A report by charity Action on Smoking and Health calls for an annual levy to be imposed on tobacco companies
Stop smoking

A report calling on the government to force tobacco companies to fund smoking cessation programmes has been launched.

More than 120 public health organisations backed the report launched by Action on Smoking and Health (ASH) in the Commons yesterday.
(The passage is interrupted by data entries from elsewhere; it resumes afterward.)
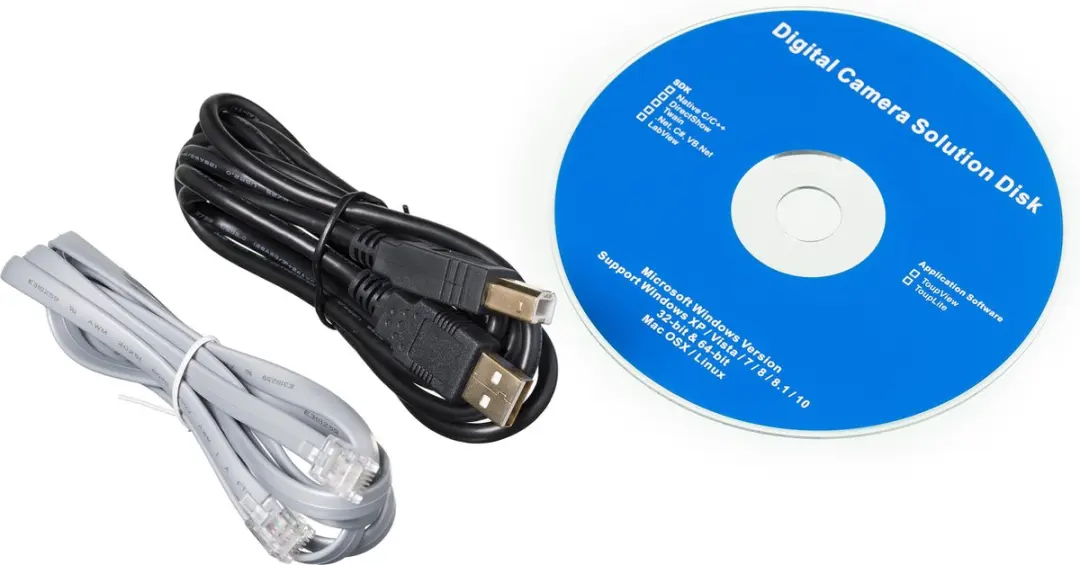 Bresser 4959050 Deep Sky Camera & Autoguider - Zwart - afbeelding 2 van 6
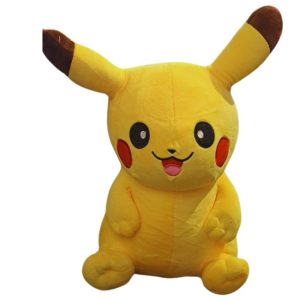 Pokemon Plushie Pikachu Hands Tucked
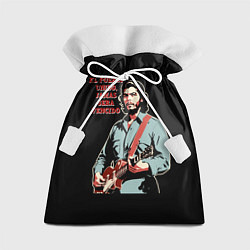 Мешок для подарков Че Гевара с гитарой, цвет: 3D-принт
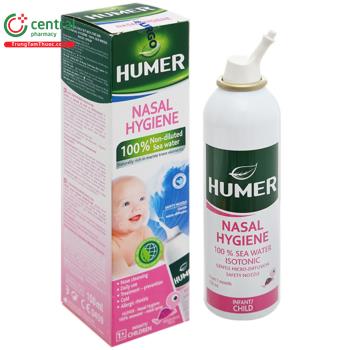 Xịt mũi Humer Nasal Hygiene trẻ em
It sets out a five-year national strategy aimed at reducing smoking in the adult population to 13% by 2020.

The report, Smoking Still Kills, calls for an annual levy to be imposed on tobacco companies based on their annual sales that would pay for smoking cessation programmes and discourage young people from starting to smoke.

Vice chair of the Association of Respiratory Nurse Specialists (ARNS) Wendy Preston, a nurse consultant at George Eliot Hospital in Nuneaton, said more money was needed to address huge inequalities in the success of current programmes.

‘We have got smoking levels down to an all-time low but there is a massive divide between affluent areas and deprived areas. They might think we have got smoking down so now we don’t need to fund it any more. But now we need to focus on the harder-to-reach patients who need a lot more help to stop smoking and therefore cost more money.'

Current programmes receive £50 per patient for a 12-week programme but smokers from deprived backgrounds were likely to need weekly support over six months to a year to help them quit, added Ms Preston.